The mobile Anura™ app published by Nuralogix performs live/interactive, facial-blood-flow (FBF) extraction and displays health related results under discrete (single/finite) measurement conditions. By making the Anura™ core package available (i.e. measurement UI + SDK binaries with skeleton source files) from this website, our intention is to assist your development process. The sample code and libraries supplied within this package will greatly accelerate the app development cycle by providing a minimal working example/reference for how an app with similar functionality could be quickly developed by utilizing the Anura™ core.

This Anura™ core package takes control (opens) the platform camera device to execute a calibration procedure that is required for optimal and reliable blood-flow extraction as well as configurable runtime constraint monitoring which helps to ensure that the measurement conditions remain valid and stable for the duration of the measurement. The target audience for this Anura™ core package are able to create custom apps incorporating corporate branding, additional UI/UX flow, user admin, location-tracking and other measurement enhancement features.

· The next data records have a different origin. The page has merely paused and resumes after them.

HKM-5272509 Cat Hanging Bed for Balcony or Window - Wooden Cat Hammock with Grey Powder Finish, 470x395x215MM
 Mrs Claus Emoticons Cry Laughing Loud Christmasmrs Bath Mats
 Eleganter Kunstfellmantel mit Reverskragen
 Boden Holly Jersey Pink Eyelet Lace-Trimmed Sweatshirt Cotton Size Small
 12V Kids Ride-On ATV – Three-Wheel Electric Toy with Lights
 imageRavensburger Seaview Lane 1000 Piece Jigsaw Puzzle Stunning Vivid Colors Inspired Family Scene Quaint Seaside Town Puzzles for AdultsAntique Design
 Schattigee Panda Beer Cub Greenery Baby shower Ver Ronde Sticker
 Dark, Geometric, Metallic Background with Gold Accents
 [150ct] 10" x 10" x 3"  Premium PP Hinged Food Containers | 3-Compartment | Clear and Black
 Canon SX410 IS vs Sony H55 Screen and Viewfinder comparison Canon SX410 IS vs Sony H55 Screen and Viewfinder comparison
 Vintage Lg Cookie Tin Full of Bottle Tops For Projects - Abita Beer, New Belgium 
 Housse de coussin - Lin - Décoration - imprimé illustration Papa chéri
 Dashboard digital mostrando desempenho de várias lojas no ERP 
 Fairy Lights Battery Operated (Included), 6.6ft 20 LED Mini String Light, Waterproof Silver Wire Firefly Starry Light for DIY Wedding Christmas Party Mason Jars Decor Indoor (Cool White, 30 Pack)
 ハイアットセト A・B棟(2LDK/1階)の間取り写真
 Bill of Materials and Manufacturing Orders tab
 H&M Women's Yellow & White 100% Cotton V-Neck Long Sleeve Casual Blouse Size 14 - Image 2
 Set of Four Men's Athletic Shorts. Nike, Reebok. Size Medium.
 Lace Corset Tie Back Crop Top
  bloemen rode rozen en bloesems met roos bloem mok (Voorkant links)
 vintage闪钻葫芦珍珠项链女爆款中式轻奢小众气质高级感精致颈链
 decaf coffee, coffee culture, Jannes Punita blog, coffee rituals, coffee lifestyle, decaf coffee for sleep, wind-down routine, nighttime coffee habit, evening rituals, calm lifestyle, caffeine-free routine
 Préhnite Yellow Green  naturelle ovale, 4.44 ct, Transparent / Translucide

Our full Anura app development roadmap is quite active and we will continue to update and maintain this Anura™ core package for both iOS and Android platforms.

Having access to this extensible Anura core package can bootstrap your development cycle if you are able to construct your use case application/scenario to incorporate the Anura measurement cycle. However if you application workflow is vastly different or cannot be easily derived from the Anura app, then you will have to implement natively using our other available platform SDK binaries.